Dan khususnya tentang cerai yang diajukan oleh suami (cerai talak), biasanya si istri mengajukan gugat balik tentang nafkah iddah,mut'ah,gono-gini dan anak. Tentang besarnya nafkah iddah,mut'ah tidak ada standar yang pasti, hanya beberapa hakim mempertimbangkan dari segi penghasilan suami, kemudian berdasarkan mahar ketika perkawinan dilaksanakan.

Ada kasus, seorang istri mengajukan gugat rekonpensi karena gengsi sebab si suami pernah sesumbar kalau akan mengajukan perceraian dan silahkan saja istri mengajukan tuntutan apapun akan dipenuhi. Dan benar saja, ketika suami ajukan cerai talak, si istri mengajukan tuntutan balik yang jelas-jelas sulit dikabulkan oleh si suami yang penghasilan sebagai tenaga honorer di perum perhutani.

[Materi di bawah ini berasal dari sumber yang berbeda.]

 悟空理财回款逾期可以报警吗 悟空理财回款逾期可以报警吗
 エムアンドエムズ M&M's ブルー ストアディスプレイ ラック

Disinilah, masalah perceraian (masalah rumah tangga) bukan hanya berdasar pada masalah hukum positif semata, ada hal-hal di luar itu semua yang bisa mempengaruhi masalah hukum. Contohnya kasus di atas, hanya karena "gengsi" maka diajukanlah gugat rekonpensi, dan ini bukan satu dua kasus, tapi banyak kasus, walau sebenarnya si istri pada dasarnya juga sudah tidak ingin kumpul sebagai suami istri, tapi karena "gengsi" maka akhirnya diajukan rekonpensi yang tentunya pemeriksaan tidak sesederhana cerai talak tanpa rekonpensi.

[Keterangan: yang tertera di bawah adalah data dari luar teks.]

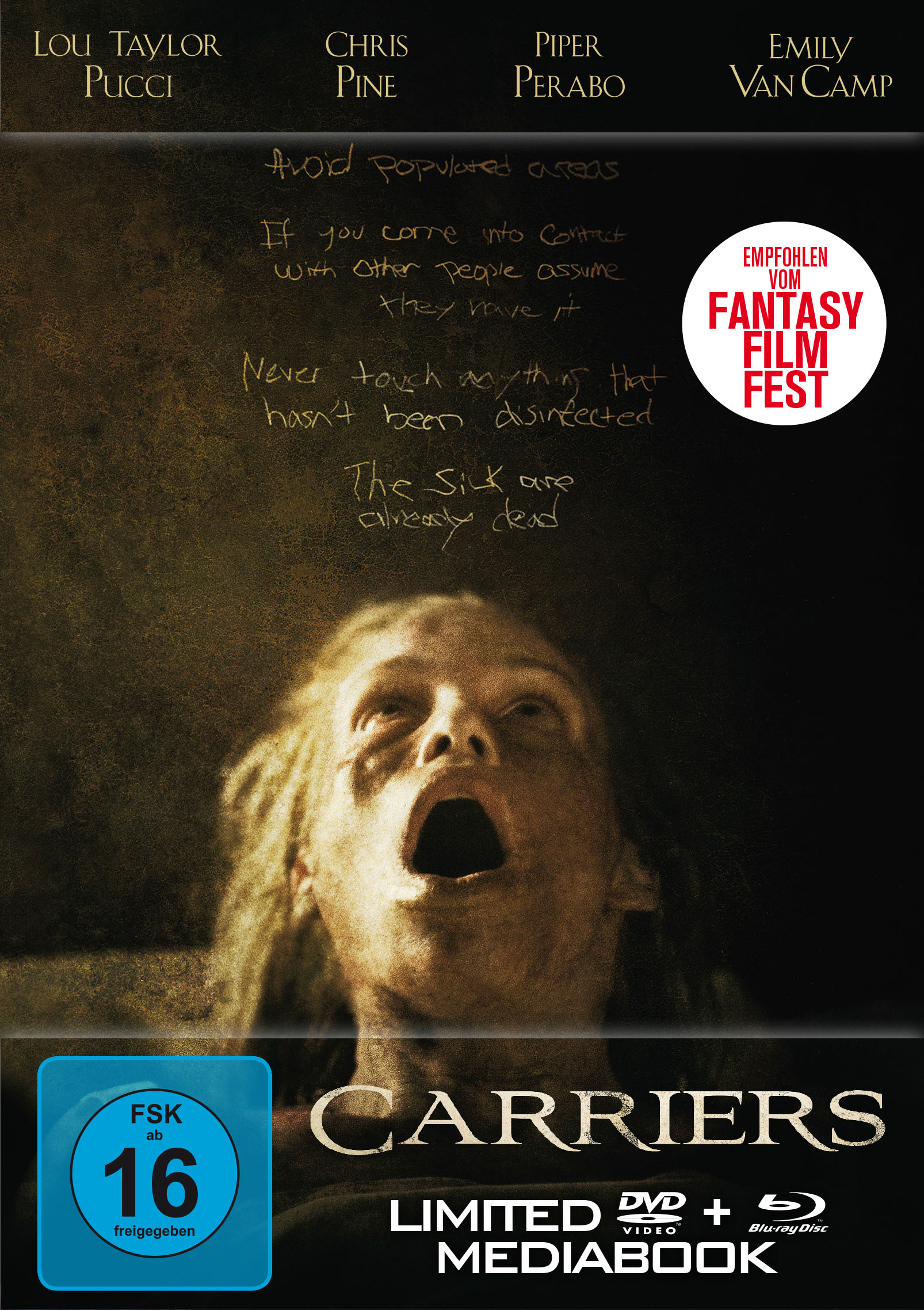 Carriers (Limited 2-Disc-Mediabook) DVD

Kalau sudah seperti ini hakum akan mencoba memberi kesempatan pada para pihak untuk bermusyawarah tentang gugat rekonpensi tersebut, dengan harapan jika ada kesepakatan bersama, maka tentu itu merupakan penyelesaian terbaik. Dan jika tidak ada kesepakatan, maka akan melalui beberapa tahapan pembuktian sehingga akan diambil keputusan yang menurut hakim sudah adil dan sesuai dengan hukum yang berlaku.